Dari hasil penelitian ini, dapat dilihat bahwa respon nyeri yang dirasakan anak usia prasekolah yang dilakukan pemasangan infus bervariasi itu dipengaruhi oleh beberapa faktor, salah satunya adalah pengalaman sebelumnya, apakah anak belum pernah ataau sudah pernah mendapatkan tindakan infuse. Sebanyak 25

orang anak atau 62,5 % belum pernah diinfuse sebelumya. Karena pengalaman pertama menimbulkan rasa takut akan cedera tubuh sehingga ras nyeri sering terjadi. Dan ini seiring dengn konsep perkembangan nyeri pada anak menurut Bibace R, Walsh ME (1980) dan Hurley A, Whelan EG (1988) mengatakan bahwa konsep nyeri pada pemikiran praoperasional (usia 2-7 Tahun) yaitu (1). Berhubungan dengan nyeri terutama sebagai pengalaman fisik dan konkret; (2). Dapat menganggap nyeri sebagiaa hukuman akibat kesalahan; (3). Cenderung menganggap seseorang sebagai yang bertanggung jawab untuk nyeri yang dialaminya dan dapat menyerang orang tersebut. Dan juga Hasil ini sesuai dengan teori yang diungkapkan oleh Potter & Perry (2006) bahwa jika individu pernah mengalami nyeri maka dimasa akan datang individu akan mampu untuk mentoleransi nyeri dengan lebih baik.
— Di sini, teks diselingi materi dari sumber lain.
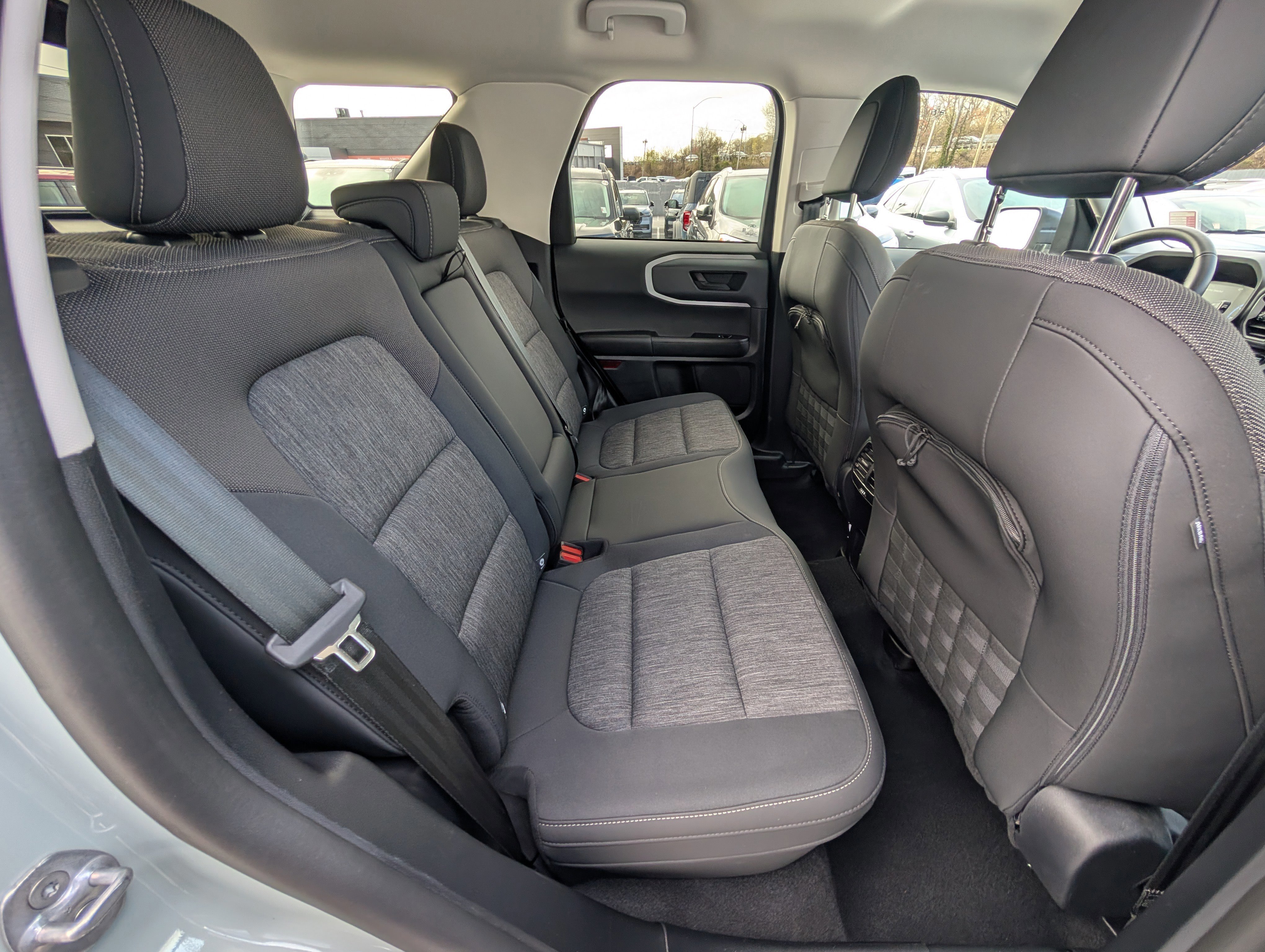 Certified 2023 Ford Bronco Sport Big Bend w/ Convenience Package image 13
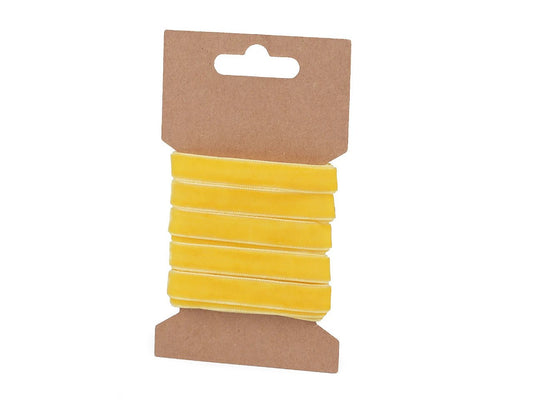 alt
Smooth ribbon 9 mm (pack of 3 m) - yellow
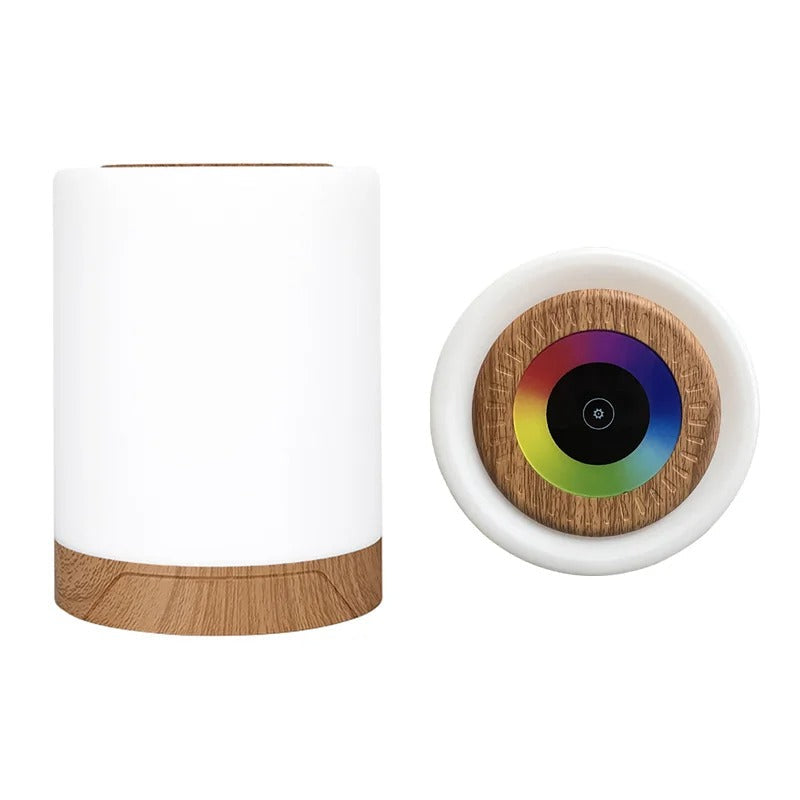 Smart LED Nachtlampje voor Kinderen – Draagbaar & USB-Oplaadbaar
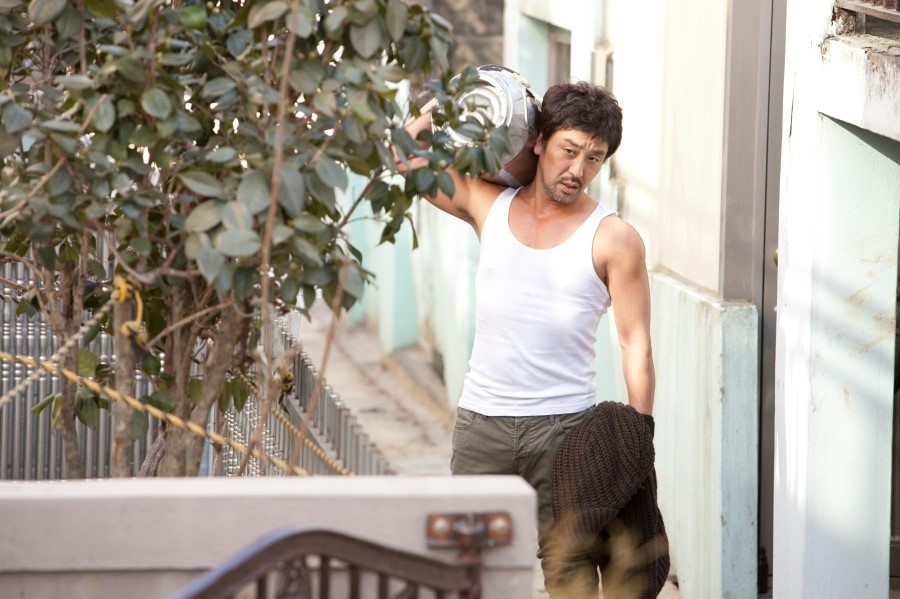 정인을 유혹하는 성기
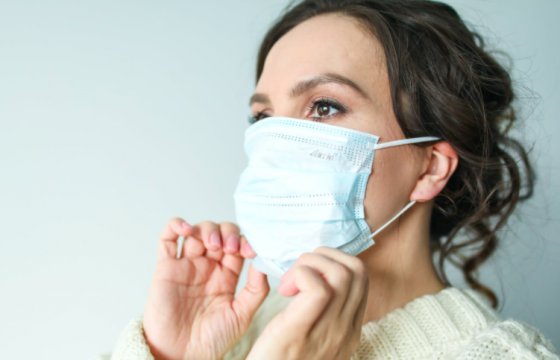 Эстонские больницы будут отказывать в лечении пациентам без масок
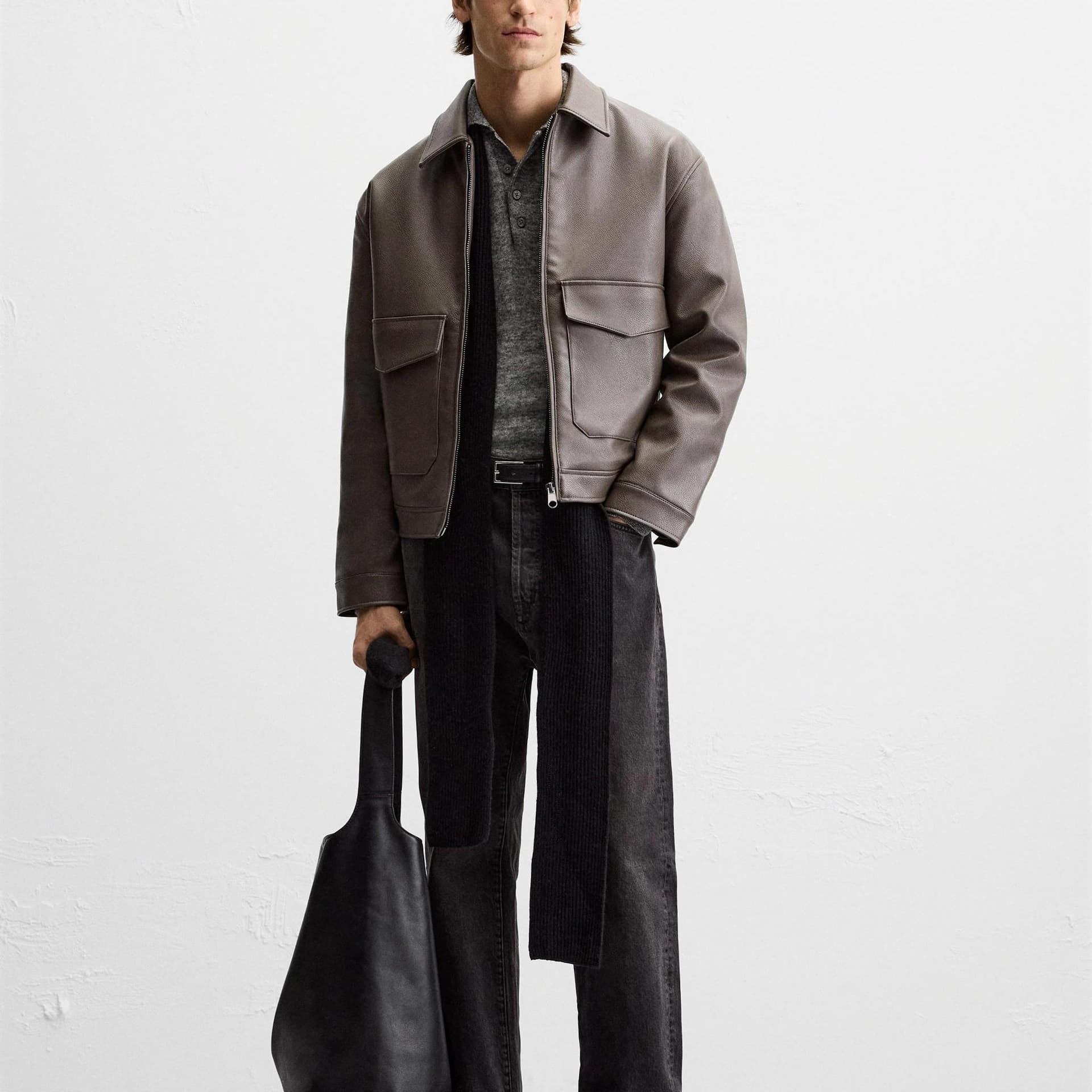 Куртка ZARA Jacket - изображение 4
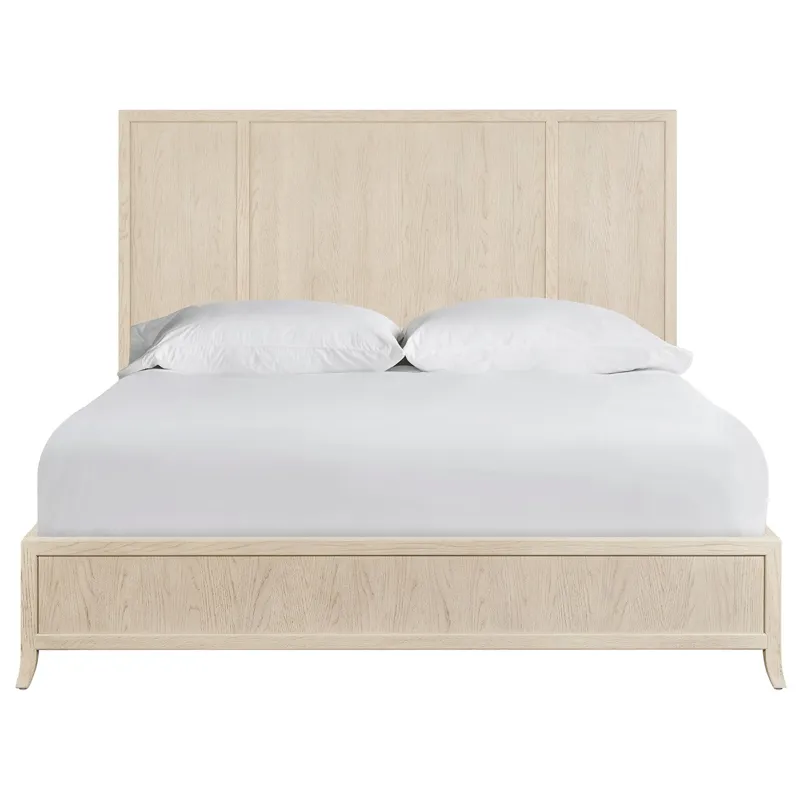 Velora Panel Bed King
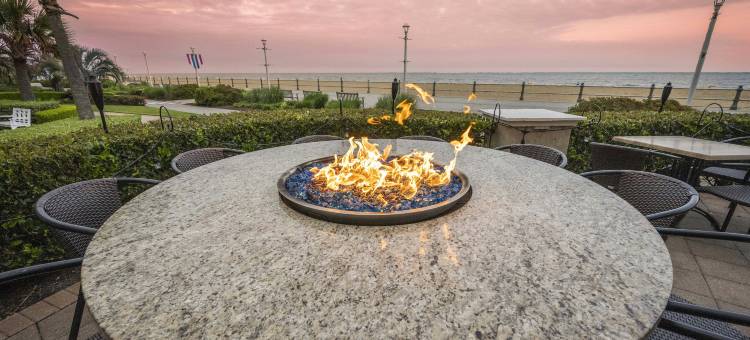 维吉尼亚海滩海洋海滩俱乐部希尔顿分时度假俱乐部(Hilton Vacation Club Ocean Beach Club Virginia Beach)图片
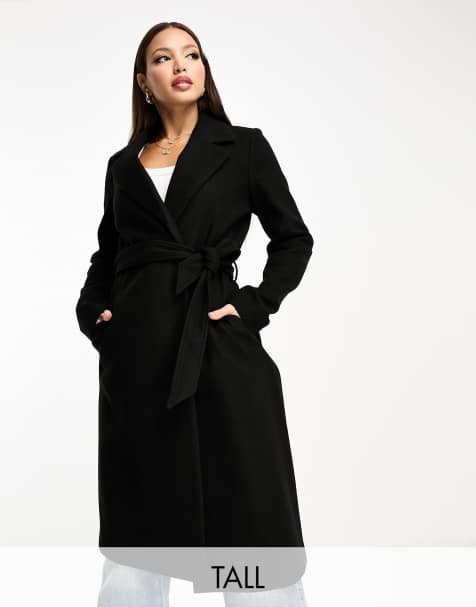 Tall womens coats outlet and jackets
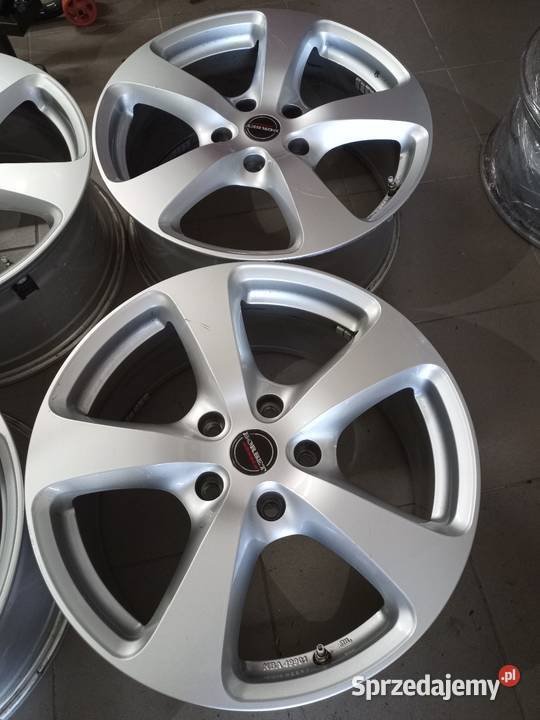 Felgi aluminiowe Borbet 85Jx19 5x130 Samochodowe Strzałkowo sprzedam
Dan dari hasil penelitian ini dapat dilihat bahwa rata-rata intensitas nyeri pada anak usia prasekolah yang dipasang infus yaitu 6,8 yang berarti termasuk dalam kategori antara nyeri berat dengan nyeri sangat berat. Dan ini sesuai dengan pembahasan di atas bahwa intensitas nyeri yang dirasakan dapat dipengaruhi oleh faktor usia, jenis kelamin, suku.